Daniel Erdmann : Sax Ténor, Compos / Bruno Angelini : Piano / Hélène Labarrière : Contrebasse / Christophe Marguet : Batterie, Compos

Un bonheur que de retrouver le son chaleureux, soyeux du ténor germanique. Pas si Teuton que ça d’ailleurs, plus souvent à Paris ou à Reims qu’à Berlin, ce qui nous permet de ne pas louper une miette des multiples projets du monsieur. Cela devient compliqué d’ignorer ce prolixe ténor du sax européen : outre le rôle de tiers de trio de l’emblématique groupe libertaire « Das Kapital « , il joue aussi avec T.Ceccaldi (Velvet Revolution), H.Texier, H.Sauer … , collabore avec danseur, peintre , et se retrouve bardé de prix, distinctions et autres signes de reconnaissance … largement mérité.
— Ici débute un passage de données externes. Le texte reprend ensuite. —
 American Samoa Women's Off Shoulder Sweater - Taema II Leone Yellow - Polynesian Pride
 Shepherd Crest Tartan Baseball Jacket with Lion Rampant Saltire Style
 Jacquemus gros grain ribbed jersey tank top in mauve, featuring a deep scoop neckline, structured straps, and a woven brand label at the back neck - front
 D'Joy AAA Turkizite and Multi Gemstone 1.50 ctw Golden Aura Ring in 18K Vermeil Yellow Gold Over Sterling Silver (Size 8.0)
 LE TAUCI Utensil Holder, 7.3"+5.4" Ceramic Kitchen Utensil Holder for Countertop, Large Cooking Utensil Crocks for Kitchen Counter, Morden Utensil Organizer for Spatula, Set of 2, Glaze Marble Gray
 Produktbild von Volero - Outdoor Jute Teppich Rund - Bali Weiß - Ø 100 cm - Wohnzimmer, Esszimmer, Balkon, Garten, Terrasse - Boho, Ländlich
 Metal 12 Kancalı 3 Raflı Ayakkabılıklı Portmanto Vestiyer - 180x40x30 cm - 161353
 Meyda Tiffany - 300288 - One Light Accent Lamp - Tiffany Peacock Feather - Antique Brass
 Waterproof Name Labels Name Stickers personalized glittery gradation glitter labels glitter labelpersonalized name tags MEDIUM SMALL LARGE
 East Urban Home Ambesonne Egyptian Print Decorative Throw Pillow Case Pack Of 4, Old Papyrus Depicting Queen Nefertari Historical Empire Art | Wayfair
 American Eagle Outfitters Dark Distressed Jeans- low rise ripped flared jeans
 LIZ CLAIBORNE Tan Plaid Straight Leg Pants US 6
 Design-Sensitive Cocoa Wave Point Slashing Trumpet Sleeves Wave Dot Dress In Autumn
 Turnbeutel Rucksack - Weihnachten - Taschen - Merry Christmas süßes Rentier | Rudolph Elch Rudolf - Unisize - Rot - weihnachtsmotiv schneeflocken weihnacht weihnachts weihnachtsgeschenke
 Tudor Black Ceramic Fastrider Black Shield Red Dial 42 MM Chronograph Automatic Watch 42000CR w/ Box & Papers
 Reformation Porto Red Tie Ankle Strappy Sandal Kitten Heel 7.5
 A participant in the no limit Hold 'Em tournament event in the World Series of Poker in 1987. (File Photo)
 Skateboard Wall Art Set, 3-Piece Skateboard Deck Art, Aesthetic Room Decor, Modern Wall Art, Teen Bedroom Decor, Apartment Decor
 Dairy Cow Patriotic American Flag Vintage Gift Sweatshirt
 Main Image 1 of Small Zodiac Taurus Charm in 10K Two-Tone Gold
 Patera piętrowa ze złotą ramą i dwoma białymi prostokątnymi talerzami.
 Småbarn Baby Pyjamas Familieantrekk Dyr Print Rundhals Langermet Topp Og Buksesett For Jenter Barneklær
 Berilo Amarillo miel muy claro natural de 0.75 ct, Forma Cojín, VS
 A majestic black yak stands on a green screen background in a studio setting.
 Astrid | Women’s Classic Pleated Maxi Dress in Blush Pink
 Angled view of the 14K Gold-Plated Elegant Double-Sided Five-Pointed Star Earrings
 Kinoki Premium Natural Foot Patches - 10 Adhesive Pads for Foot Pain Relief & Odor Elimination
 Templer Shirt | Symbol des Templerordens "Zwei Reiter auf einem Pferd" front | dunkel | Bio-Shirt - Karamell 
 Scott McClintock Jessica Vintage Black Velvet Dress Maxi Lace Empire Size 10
Compagnon de route du saxophoniste depuis 2010, la liste des références musicales de C.Marguet ressemble plus à un annuaire jazzistique qu’à une carte de visite ! En vrac : B.Wilen, T.Curson, E.Rava, M.Ducret, L.Sclavis, M.Portal … et tant d’autres… autant ce jeune et talentueux batteur pouvait paraître avoir pris la « grosse tête » , tant il est facile avec cet instrument d’en mettre partout jusqu’à étouffer ses petits copains de jeu. Faiblesse de jeunesse sans doute, le temps, l’âge, le respect des collaborateurs, l’écoute indispensable des partenaires font que « Tout est pardonné » ! Reste le plaisir d’entendre un des plus inventifs batteur de son âge, de son temps, du continent ! Les distributeurs de 1ers prix (Django, Talents jazz, Choc, ffff…) ne s’y sont pas trompés.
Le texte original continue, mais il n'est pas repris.